About this exercise:
Return nothing but the lines from the line with "YouTube热门英文儿童动物科普节目《动物奇观 Animal Wonders》" through the last line of the entries that follow, copied exactly and free of pictures.

-- Extracted information follows --

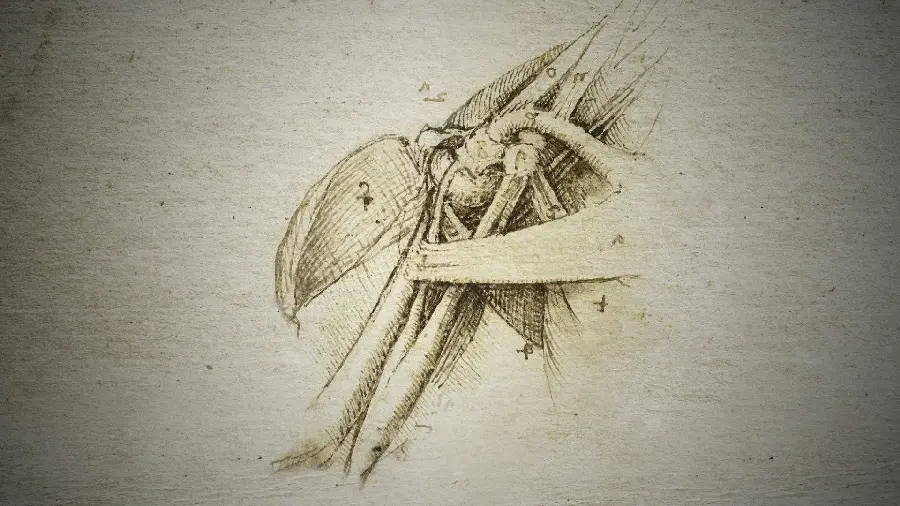 Photo of the first page of the notebook of Leonardo da Vinci's inventions, the great Italian scientist 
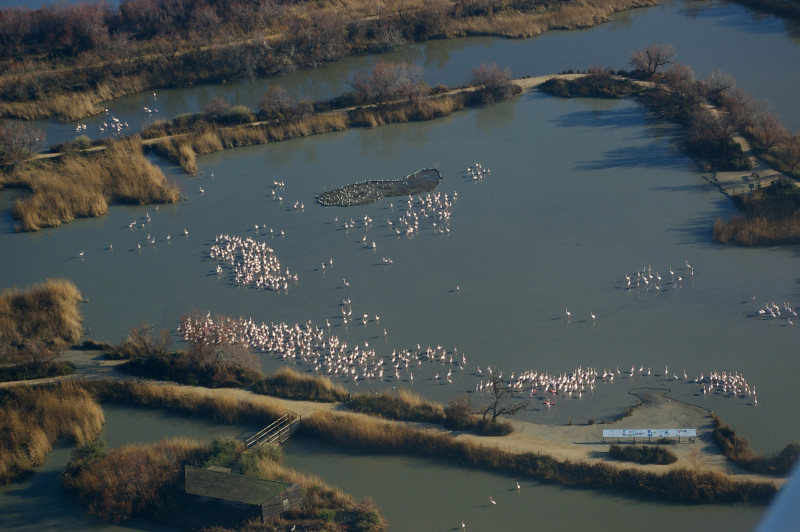 Parc ornithologique de Pont de Gau_Saintes-Maries-de-la-Mer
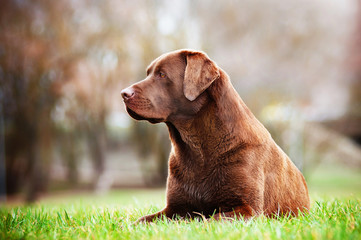 brown labrador dog lying on the grass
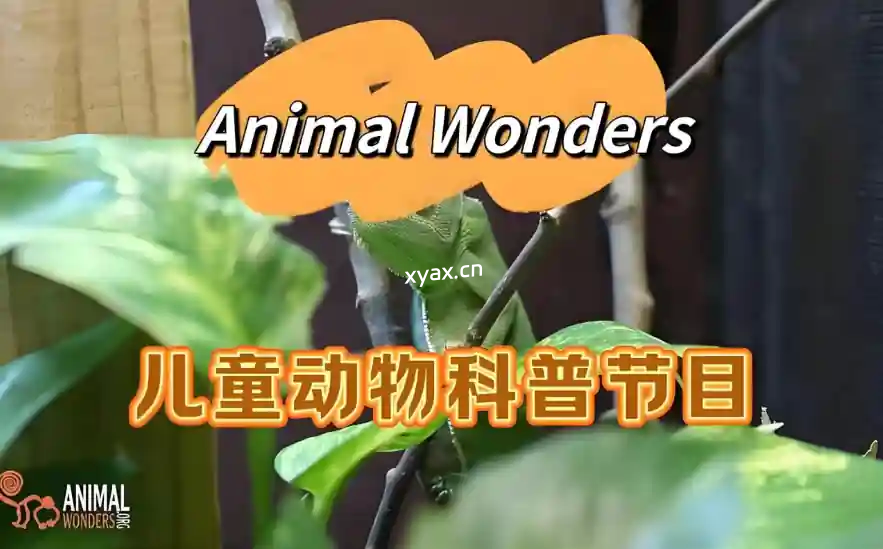 YouTube热门英文儿童动物科普节目《动物奇观 Animal Wonders》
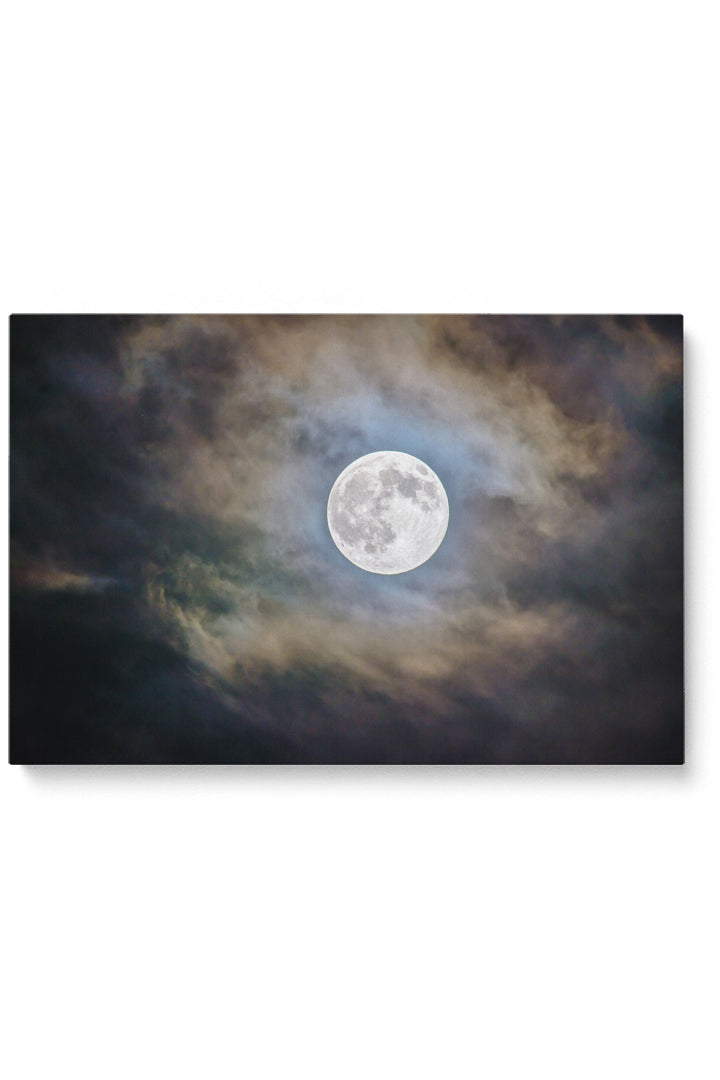 Moon Hide And Seek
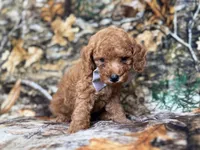Landon, a male Cavapoo for sale in Lakeland, FL – 2 of 9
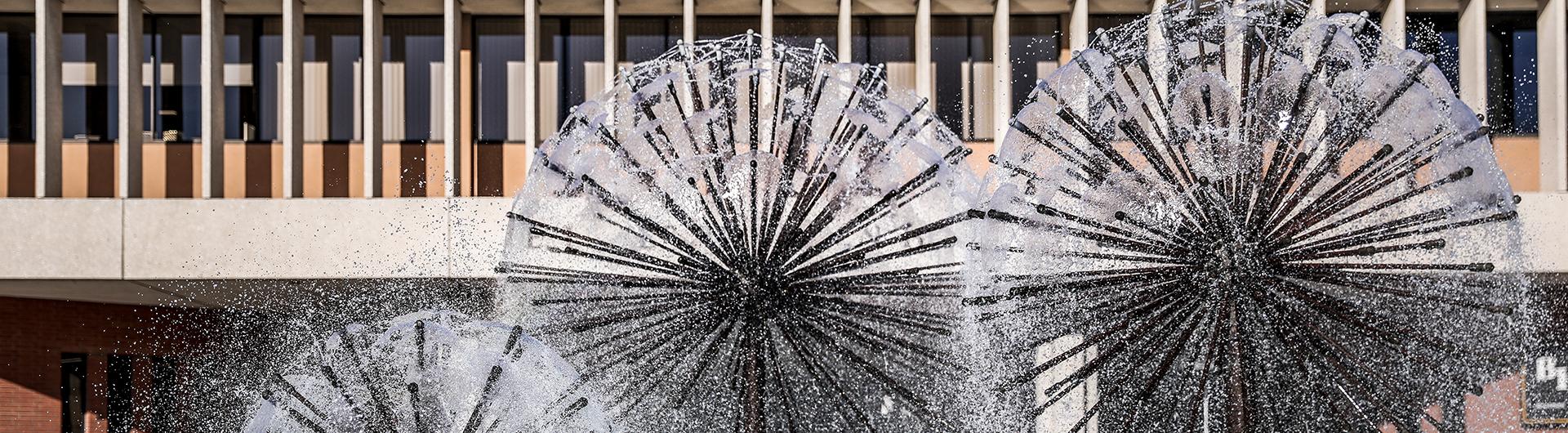 Brotman Hall Fountain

-- Extracted information concluded --

Exercise solution:
 YouTube热门英文儿童动物科普节目《动物奇观 Animal Wonders》
 Moon Hide And Seek
Landon, a male Cavapoo for sale in Lakeland, FL – 2 of 9
 Brotman Hall Fountain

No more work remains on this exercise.